The state concedes that in a majority of jurisdictions improper reference to criminal history is a violation of due process since it affects the presumption of innocence; the reviewing court therefore must determine whether the error was harmless beyond a reasonable doubt. Chapman v. California, 386 U.S. 18, 24, 87 S.Ct. 824, 828, 17 L.Ed.2d 705 (1967). 7

Applying the Chapman standard to the facts of this case, we conclude, beyond a reasonable doubt, that the error is harmless with regard to the conviction of the infamous crime against nature. There was uncontradicted evidence of oral and anal intercourse involving Manning and the seventeen year old complainant. Since Manning claimed that the victim had consented and since consent was not available as a defense to the crime, there was a clear violation of former NRS 201.190. We hold under such circumstances the improper reference to Manning's criminal history was harmless.

We arrive at a different conclusion concerning the rape conviction.
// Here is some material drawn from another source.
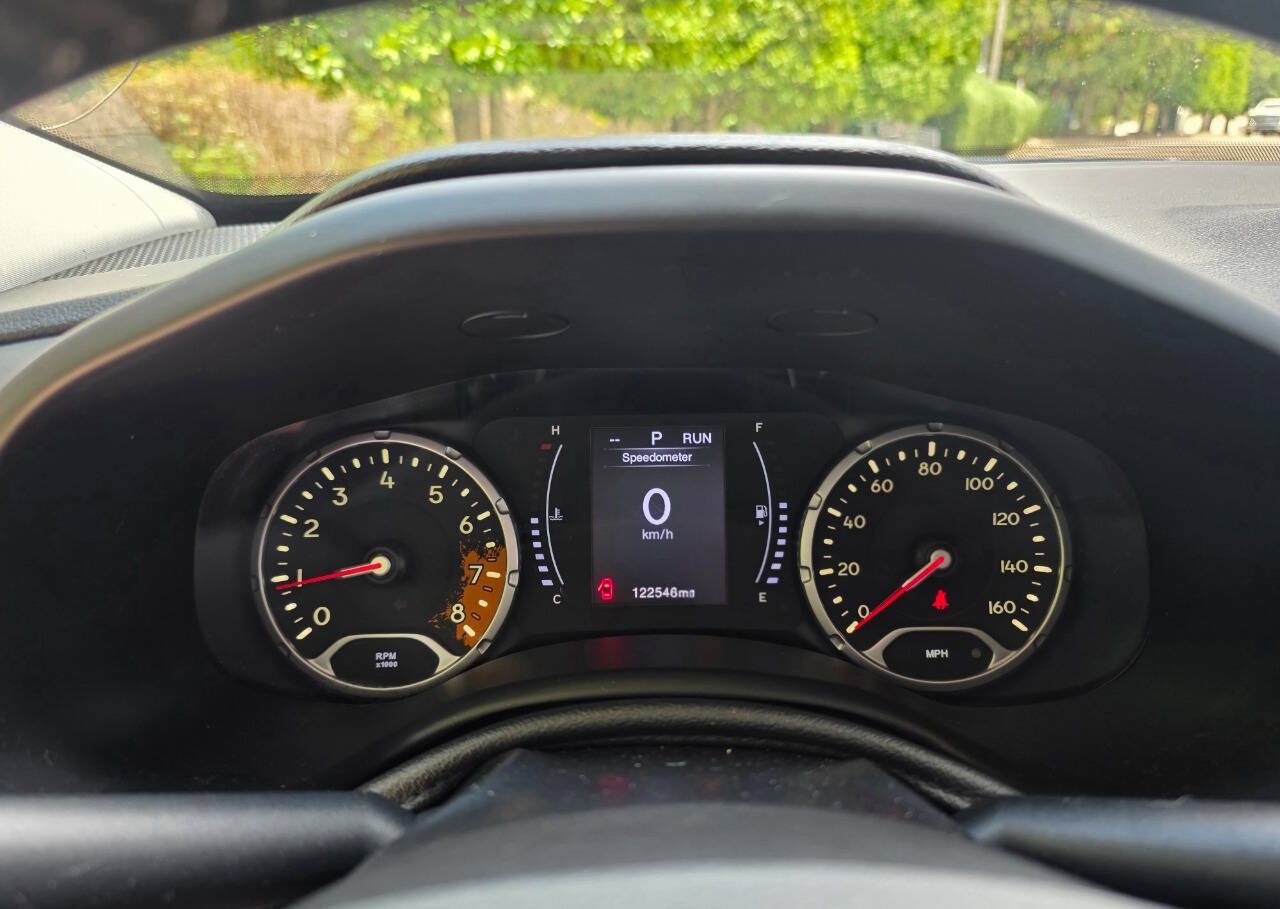 Used 2017 Jeep Renegade Latitude FWD image 15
There appears to be no doubt that a variety of sexual activities took place between Manning and the complainant. A reading of the record does, however, reveal some serious questions relative to the forcible nature of the couple's encounter.

The evidence used to convict Manning came primarily from the complainant. She testified that Manning came to her apartment after midnight, apparently seeking marijuana. Manning had on previous occasions smoked marijuana at the apartment with the complainant and her boyfriend. The complainant testified that after Manning entered the apartment, he dragged her upstairs and forced her to participate in various sex acts.

The complainant testified that she had attempted to escape onto a balcony, but was apprehended just as she called for help. Although her neighbors were at home in the next apartment, they did not hear any sounds of a struggle. The complainant testified...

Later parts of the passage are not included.